Finley served in the United States House of Representatives during the 44th, 45th, and 47th United States Congress as a member of the Democratic Party (United States). Finley successfully contested the election of Josiah T. Walls to the 44th United States Congress. Finley served in the from April 19, 1876, to March 3, 1877. Finley successfully contested the election of Horatio Bisbee, Jr. to the 45th United States Congress and served from February 20 to March 3, 1879. He presented credentials as a Member-elect to the 47th United States Congress and served from March 4, 1881, to June 1, 1882, when he was succeeded by Horatio Bisbee, Jr., who successfully contested Finley's election.
Finley presented credentials on December 5, 1887, as a Senator-designate to the United States Senate for the term commencing March 4, 1887, but was not permitted to qualify because the appointment was made before the vacancy occurred.

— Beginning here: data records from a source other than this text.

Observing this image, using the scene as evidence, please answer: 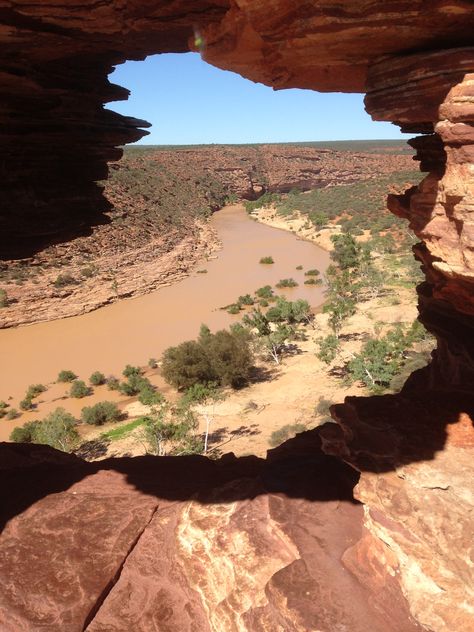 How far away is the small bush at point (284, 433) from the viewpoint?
15273mm

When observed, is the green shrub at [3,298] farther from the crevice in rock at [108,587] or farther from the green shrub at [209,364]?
the crevice in rock at [108,587]

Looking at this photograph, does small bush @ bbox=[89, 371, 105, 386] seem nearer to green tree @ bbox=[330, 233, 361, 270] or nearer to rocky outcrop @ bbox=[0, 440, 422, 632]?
rocky outcrop @ bbox=[0, 440, 422, 632]

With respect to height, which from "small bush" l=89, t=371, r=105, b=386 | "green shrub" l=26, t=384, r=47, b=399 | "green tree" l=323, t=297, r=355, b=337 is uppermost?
"green tree" l=323, t=297, r=355, b=337

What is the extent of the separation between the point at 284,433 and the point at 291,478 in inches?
332

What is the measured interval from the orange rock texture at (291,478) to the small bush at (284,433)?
6870mm

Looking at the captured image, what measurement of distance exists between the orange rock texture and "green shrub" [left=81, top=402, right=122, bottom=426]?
33.5 ft

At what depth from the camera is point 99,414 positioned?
18.7 metres

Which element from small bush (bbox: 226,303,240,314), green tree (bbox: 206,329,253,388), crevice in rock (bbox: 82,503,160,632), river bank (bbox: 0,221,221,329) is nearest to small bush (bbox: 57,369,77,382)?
green tree (bbox: 206,329,253,388)

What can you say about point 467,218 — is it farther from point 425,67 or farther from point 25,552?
point 25,552

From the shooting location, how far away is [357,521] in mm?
6398

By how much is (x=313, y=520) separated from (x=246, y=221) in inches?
2520

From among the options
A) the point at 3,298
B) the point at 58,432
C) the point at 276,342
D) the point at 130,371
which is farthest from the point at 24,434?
the point at 3,298

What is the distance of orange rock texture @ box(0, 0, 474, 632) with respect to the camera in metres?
5.24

|Republican||Horatio Bisbee, Jr. (inc.)||13,069||50.50%||+2.80%|
|Democratic||Jesse J. Finley||12,813||49.50%||-2.80%|
|Democratic||Jesse J. Finley||13,105||52.30%||+2.27%|
|Republican||Horatio Bisbee, Jr. (inc.)||11,953||47.70%||-2.27%|
|Republican||Horatio Bisbee, Jr.||11,574||50.01%||-1.12%|
|Democratic||Jesse J. Finley (inc.)||11,571||49.99%||+1.12%|
Finley died on November 6, 1904 in Lake City, Florida. He was interred to Evergreen Cemetery in Gainesville, Florida.
In the 1930s, the School Board of Alachua County (Florida) named an elementary school for Finley. JJ Finley Elementary School was located in Gainesville, Florida at the corner of Northwest 5th Avenue and 19th Street, about 1 kilometer north of the University of Florida. On June 16, 2020, the School Board of Alachua County (Florida) removed J.J. Finley's name from the school, during protests associated with the murder of George Floyd. The School Board will convene a citizen committee to recommend a new name by August 2020.
In January 2019, the Gainesville City Commission named a city park in honor of Finley. The vote to name the park for Finley was unanimous. In February 2020, the City of Gainesville City Commission removed Finley's name from the park, by a unanimous vote. The City process to approve a new name required input from a citizen advisory board. The City suspended advisory board activity during the COVID-19 pandemic in the United States. The park remained unnamed through the pandemic. The Gainesville Sun inaccurately reported that the playground was renamed "as part of the city of Gainesville and Alachua County's truth and reconciliation process".